AIM OF THE EXERCISE:
Return the stretch from the line with "2026 Jeep Wrangler 4-Door Sahara - Photo 26" through the line with "Alicia Framis en" in the data below, character for character, skipping all pictures.

INPUT FOR THIS TASK:
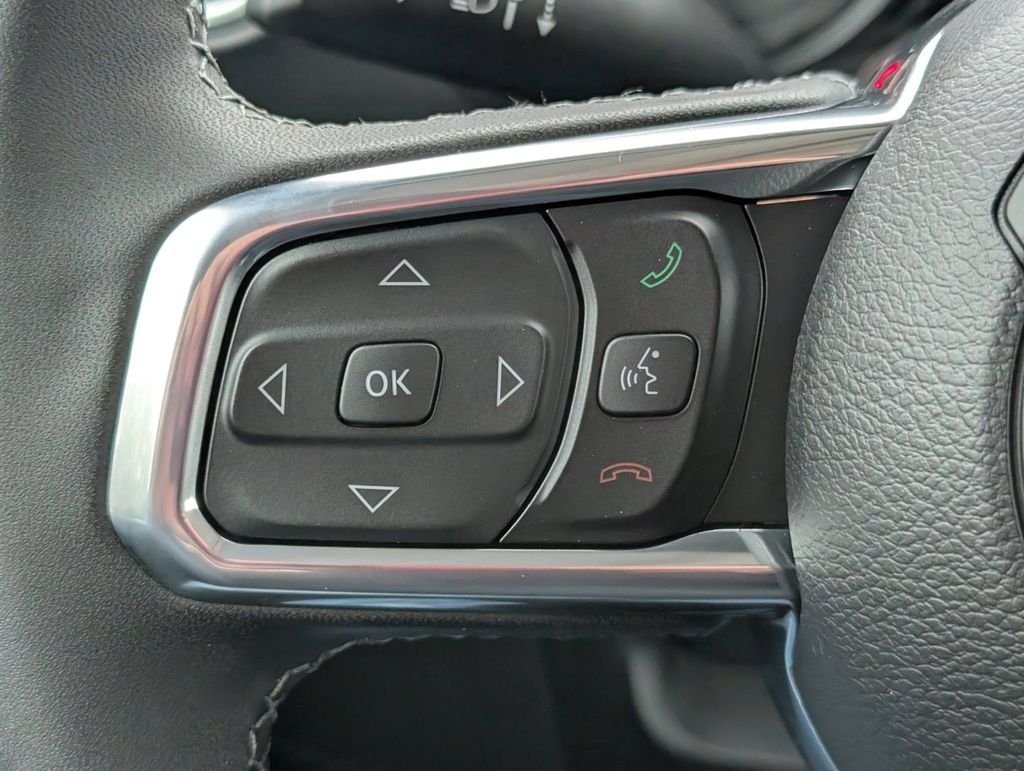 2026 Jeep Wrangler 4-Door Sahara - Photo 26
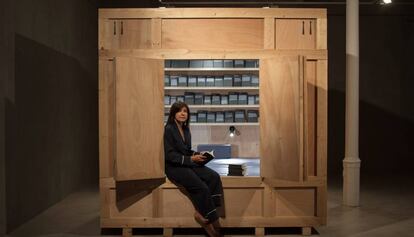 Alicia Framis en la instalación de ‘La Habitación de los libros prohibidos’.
...
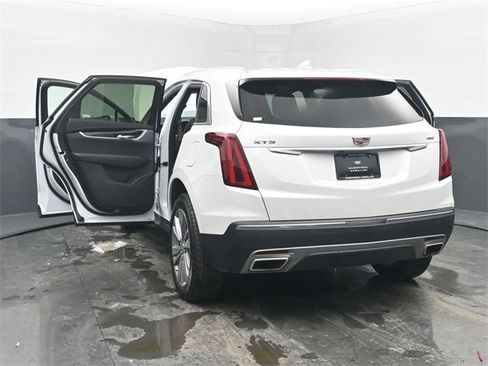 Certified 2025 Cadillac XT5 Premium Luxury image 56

EXERCISE RESPONSE:
 2026 Jeep Wrangler 4-Door Sahara - Photo 26
 Alicia Framis en la instalación de ‘La Habitación de los libros prohibidos’.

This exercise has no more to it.